Der Schädel aus dem Oktogon von Ephesos in der Sammlung des Instituts für Evolutionäre Anthropologie der Universität Wien. Auf dem beiliegenden vergilbten Zettel steht: "Schädel aus Ephesus".
Der Schädel aus dem Oktogon von Ephesos in der Sammlung des Instituts für Evolutionäre Anthropologie der Universität Wien. Auf dem beiliegenden vergilbten Zettel steht: "Schädel aus Ephesus". Bildrechte: Gerhard Weber, University of Vienna

Wissen-News Kleopatras Schwester bleibt verschollen

13. Januar 2025, 17:12 Uhr

Lange wurde spekuliert, dass ein 1929 in den Ruinen von Ephesos gefundener Schädel zur Schwester der berühmten Kleopatra gehören könnte, Arsinoë IV. Moderne CT-Untersuchungsmethoden haben nun gezeigt, dass dem nicht so ist.

Der österreichische Archäologe Josef Keil und seine Kollegen entdeckten 1929 in den Ruinen des einst prächtigen "Oktogons", einem Prunkbau an der Hauptstraße von Ephesos (Türkei), einen komplett mit Wasser gefüllten Sarkophag.
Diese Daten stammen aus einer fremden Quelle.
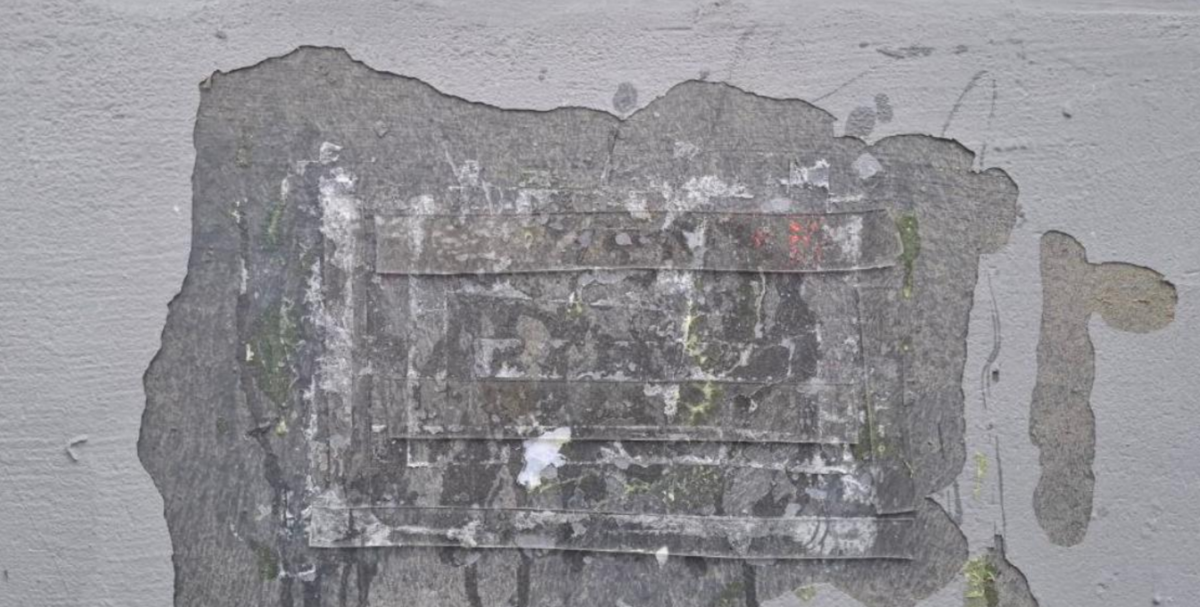 20-я временная табличка исчезла с дома Политковской. Скриншот фото https://t.me/sotavisionmedia/56325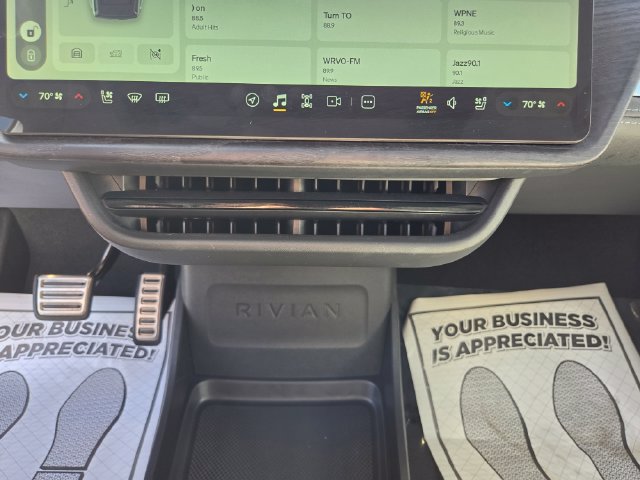 Used 2024 Rivian R1S Adventure Quad AWD/4WD image 21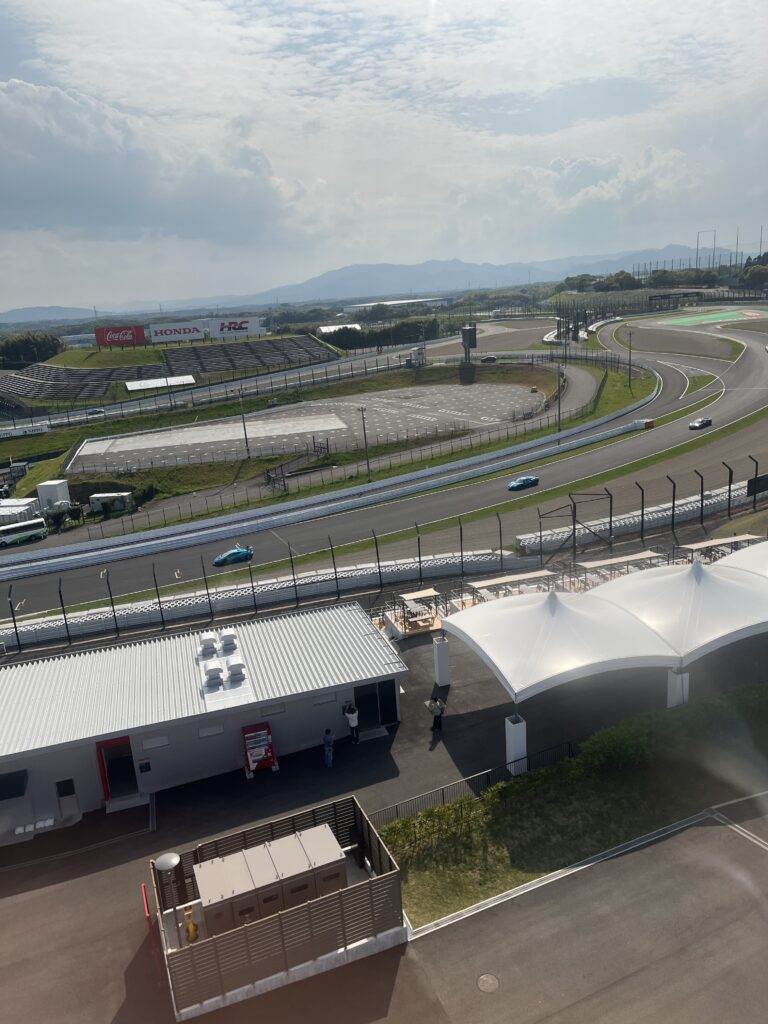 レーシングカーたち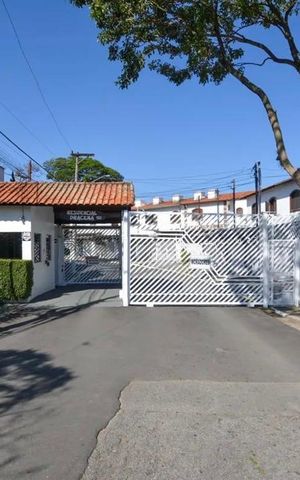 Casa à venda com 124m², 4 quartos e 1 vaga Casa à venda com 124m², 4 quartos e 1 vagaFachada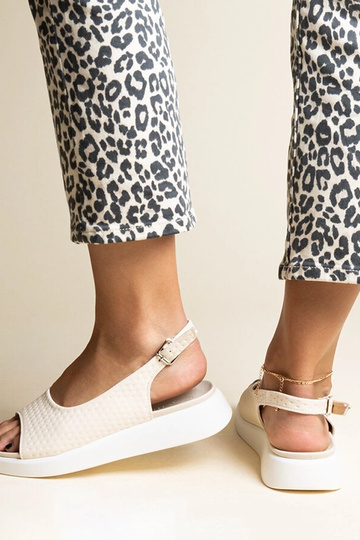 Sandalias beige con suela más gruesa de Hamonda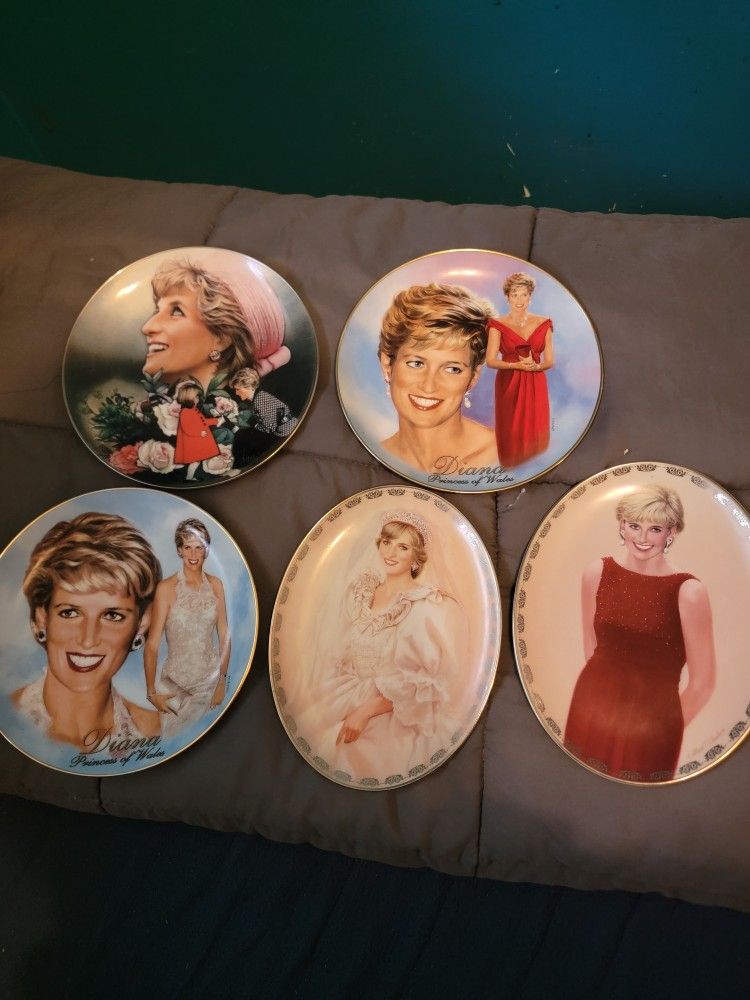 ELVIS, QUEEN ELIZABETH, AND OTHER COLLECTIBLE PLATES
Darin waren keine bedeutenden Grabbeigaben zu finden, aber ein komplettes Skelett. Nur den Schädel nahm Josef Keil mit, bevor die Forscher die Grabstätte an der wichtigen "Kuretenstraße" wieder verschlossen. Nach seiner ersten Analyse in Greifswald ging er davon aus, dass es sich bei der Bestattung um "eine ganz vornehme Persönlichkeit" und vermutlich um eine 20-jährige Frau handelte. Harte Daten blieb Keil schuldig, aber der Schädel trat anlässlich seiner neuen Berufung an die Universität Wien im Reisegepäck den Weg nach Wien an.
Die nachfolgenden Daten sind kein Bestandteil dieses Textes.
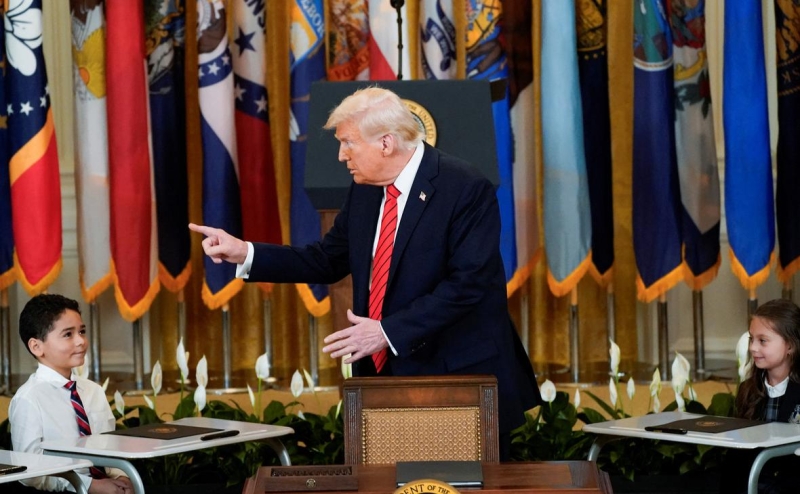 FT рассказала о реакции бизнеса на введенные Трампом пошлины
Junger Römer in Ephesos begraben

In Ephesos wurde bei späteren Grabungen 1982 der Rest des Skelettes aufgefunden, diesmal aber nicht im Sarkophag, sondern in einer Nische in einem Vorraum der Grabkammer. Aufgrund der vermuteten architektonischen Anleihen des Oktogons bei dem ägyptischen Vorbild des "Pharos von Alexandrien" und der zusätzlichen historischen Fakten, wonach Arsinoë IV um 41 v. Chr. in Ephesos auf die Veranlassung von Marcus Antonius, Geliebter von Kleopatra, ermordet wurde, entstand 1990 eine Hypothese: Arsinoë IV könnte in diesem prunkvollen Grab in Ephesos ihre letzte Ruhestätte gefunden haben. Seither rankten sich zahlreiche Meldungen und Publikationen um dieses Gerücht.
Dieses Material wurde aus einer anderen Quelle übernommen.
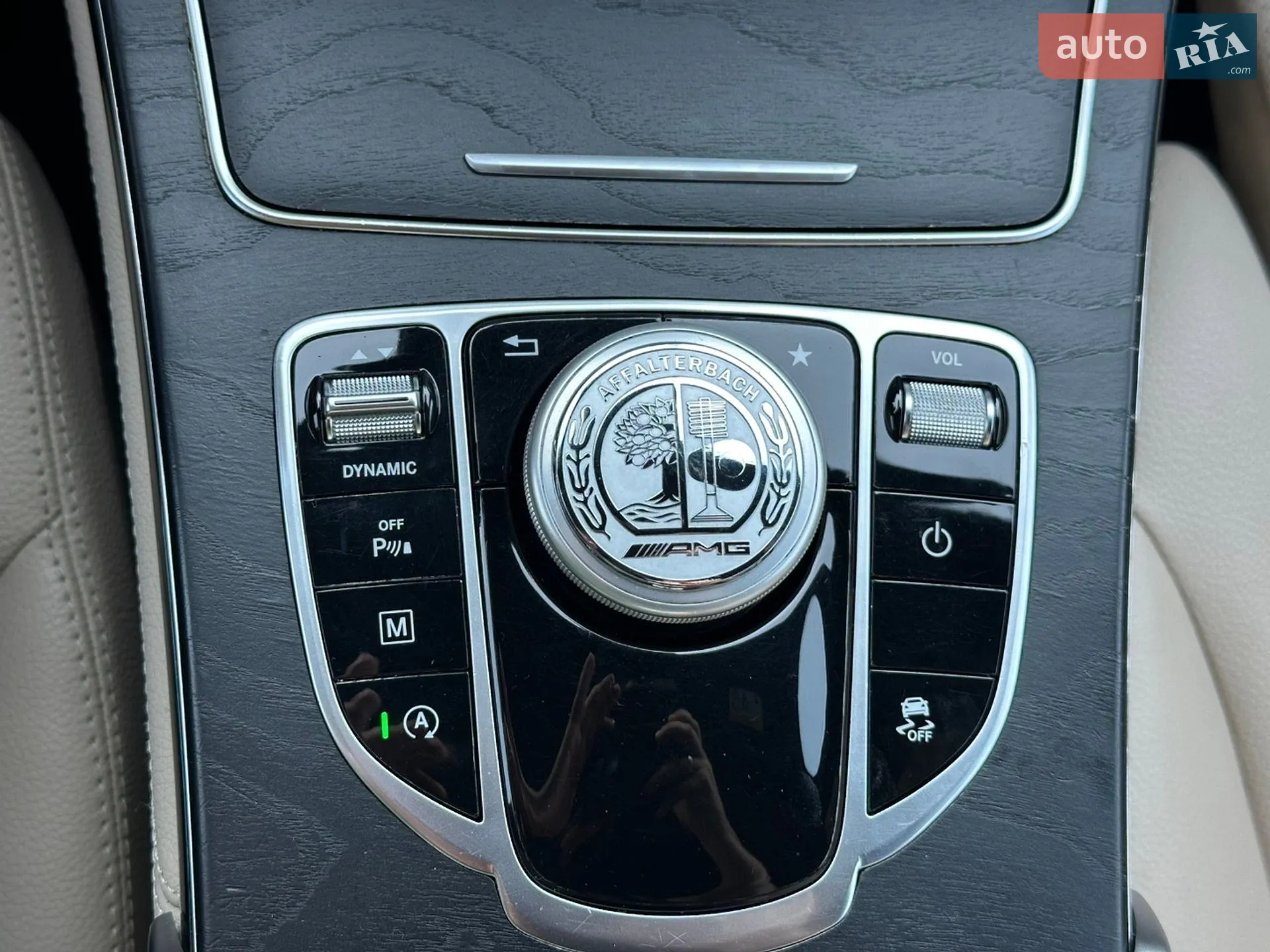 2017 Mercedes-Benz GLC - мініатюра 41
An der Uni Wien wurde der Schädel nun im ersten Schritt einer Micro-Computer-Tomographie unterzogen, um seine digitale Kopie mit einer Auflösung von 80 Mikrometer für alle Zeiten zu archivieren. Dann entnahmen die Wissenschafter geringe Proben im Milligramm-Bereich von der Schädelbasis und dem Innenohr, um Alter und genetischen Status zu bestimmen. Der Schädel datiert demnach in die Jahre zwischen 36 und 205 v. Chr., was gut mit dem überlieferten Sterbedatum von Arsinoë IV im Jahre 41 v. Chr. übereinstimmt. Die Genetiker fanden dazu eine Übereinstimmung des Schädels mit vorhandenen Proben vom Oberschenkelknochen. 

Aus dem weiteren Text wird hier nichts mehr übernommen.